Ping! The message hits our BeHomm home exchange profile just before Christmas. Would we like a week in a 7-bedroom villa in Ibiza in exchange for our house in Palm Springs? A flurry of emails later we all decide it’s a great fit. Renu and Bas are a Dutch fashion stylist and DJ couple with a daughter exactly Charlotte’s age. Normally they run Villa Amore as a boho-chic boutique hotel during the party season, but they’d be with family in Amsterdam, and we’d have it all to ourselves. Cheap flights booked on lastminute.com, we were there within a week.
We awoke on our first morning to see just how rural the villa was. From our top floor suite we could see all through the verdant countryside, with bucolic fields of sheep and our very own avocado grove. The girls were excited about the swing set, and even braved the unheated pool for about 30 seconds. There was a huge birdhouse on the property, with more than a dozen tropical varieties. Next door there was also a rooster. A rooster in need of a dose of melatonin. At 3 am precisely, it would begin to crow, ending around 7 am. Then, at 3 pm, it would start up again, just as Murray was settling down for his siesta.

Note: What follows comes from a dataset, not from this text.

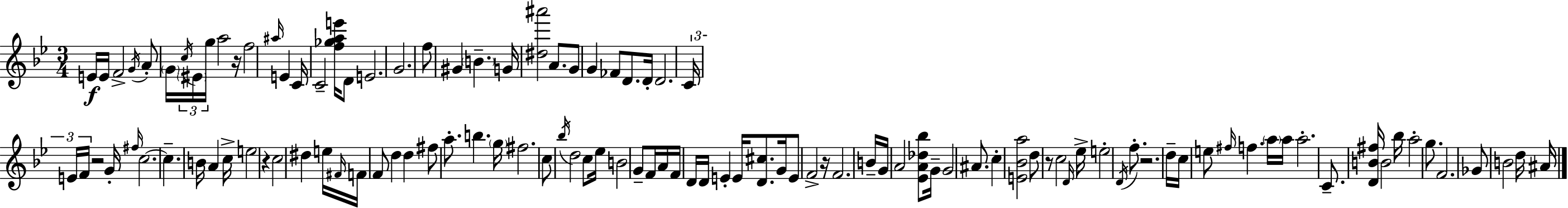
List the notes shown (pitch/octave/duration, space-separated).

E4/s E4/s F4/h G4/s A4/e G4/s C5/s EIS4/s G5/s A5/h R/s F5/h A#5/s E4/q C4/s C4/h [F5,Gb5,A5,E6]/s D4/e E4/h. G4/h. F5/e G#4/q B4/q. G4/s [D#5,A#6]/h A4/e. G4/e G4/q FES4/e D4/e. D4/s D4/h. C4/s E4/s F4/s R/h G4/s F#5/s C5/h. C5/q. B4/s A4/q C5/s E5/h R/q C5/h D#5/q E5/s F#4/s F4/s F4/e D5/q D5/q F#5/e A5/e. B5/q. G5/s F#5/h. C5/e Bb5/s D5/h C5/e Eb5/s B4/h G4/e F4/s A4/s F4/s D4/s D4/s E4/q E4/s [D4,C#5]/e. G4/s E4/e F4/h R/s F4/h. B4/s G4/s A4/h [Eb4,A4,Db5,Bb5]/e G4/s G4/h A#4/e. C5/q [E4,Bb4,A5]/h D5/e R/e C5/h D4/s Eb5/s E5/h D4/s F5/e. R/h. D5/s C5/s E5/e F#5/s F5/q. A5/s A5/s A5/h. C4/e. [D4,B4,F#5]/s B4/h Bb5/s A5/h G5/e. F4/h. Gb4/e B4/h D5/s A#4/s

A series of electrical storms over the past two weeks had left everything fresh and green (and had knocked out the TV which was fine by us) but Renu declared us “weather angels” as we had a week of sun. We spent the brisk mornings exploring the island by car, randomly picking a tiny village off the map, climbing up to the church where, inevitably, there was a patch of sun and several cafés serving up café cortado (espresso with milk) and the ubiquitous breakfast of toast rubbed with fresh tomato. (Our very favourite village was San Gertrudus.) Renu and Bas had left us a list of beach restaurants that were open in the winter, so we’d head to a different spot each day to watch the Mediterranean lap away at the white sand and feast on tiny fried squid and braised octopus. Back at the villa we’d flip through the many fashion books Renu had artfully displayed in all the rooms and Murray would set to work on dinner – paella, slow roasted pork, clams, all washed down with the amazing white wine we’ve discovered at the grocery store for 3 Euros.

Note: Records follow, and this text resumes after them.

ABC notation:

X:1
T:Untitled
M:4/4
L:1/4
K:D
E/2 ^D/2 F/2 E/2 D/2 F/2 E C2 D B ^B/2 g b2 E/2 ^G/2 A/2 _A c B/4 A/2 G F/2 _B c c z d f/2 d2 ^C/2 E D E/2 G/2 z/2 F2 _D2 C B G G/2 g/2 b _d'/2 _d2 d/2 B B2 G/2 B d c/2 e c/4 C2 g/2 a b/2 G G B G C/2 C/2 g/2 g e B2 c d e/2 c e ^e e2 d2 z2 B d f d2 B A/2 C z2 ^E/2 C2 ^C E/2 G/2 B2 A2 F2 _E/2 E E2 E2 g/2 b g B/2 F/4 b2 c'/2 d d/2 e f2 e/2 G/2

We loved Sa Caleta beach for its dramatic red cliffs and people-watching at the restaurant (and its Pheonician ruins), and Playa Blanca for its dramatic rock formations. Experiencing it all without the thump, thump, thump of bass in the background was revelatory. Another favourite spot was La Paloma, a few minutes’ drive from Villa Amore in San Lorenzo. It’s essentially a smattering of tables and chairs spread out in an orange grove serving super-healthy food with an Italian/Middle Eastern influence, like falafel and bread stuffed with lamb. In the high season it’s a celebrity fly trap, but this week, though packed with at least a hundred people at lunch, it’s full of large tables multi-generational families speaking French, Italian, Spanish, British English or a combination of all four. Murray points out a group of well dressed guys who look like they walked out of an All Saints catalogue. I wonder if I could pull off Doc Marten boots and skinny jeans like all the women here. Everyone is so well dressed – even wearing floor length fur coats to breakfast. And that’s just the men.
While we weren’t hanging around Bambuddha with Justin Bieber, or partying at Pacha with Paris Hilton, we did make the pilgrimage to San Antonio, to see the famous Café Del Mar, of the eponymous ’90s chill soundtrack. It’s closed for the season, but we do find a brand new café, Besame Canalla, that serves a chocolate-y café cortado which is more our speed these days.
Despite the rooster, we’re so fully relaxed after a week that we don’t even mind that Charlotte is singing the “Took a pill in Ibiza” song on repeat from the back seat. Murray is stuffing his suitcase with as many lemons, avocados and bottles of wine as he can fit, and I’m busy buying up straw market bags and 8 Euro espadrilles at the roadside shops. A two-and-a-half hour flight into Paris, Orly later, we’re home. And all that’s left to do is plan for our next two-week school holiday, which happens in four weeks’ time.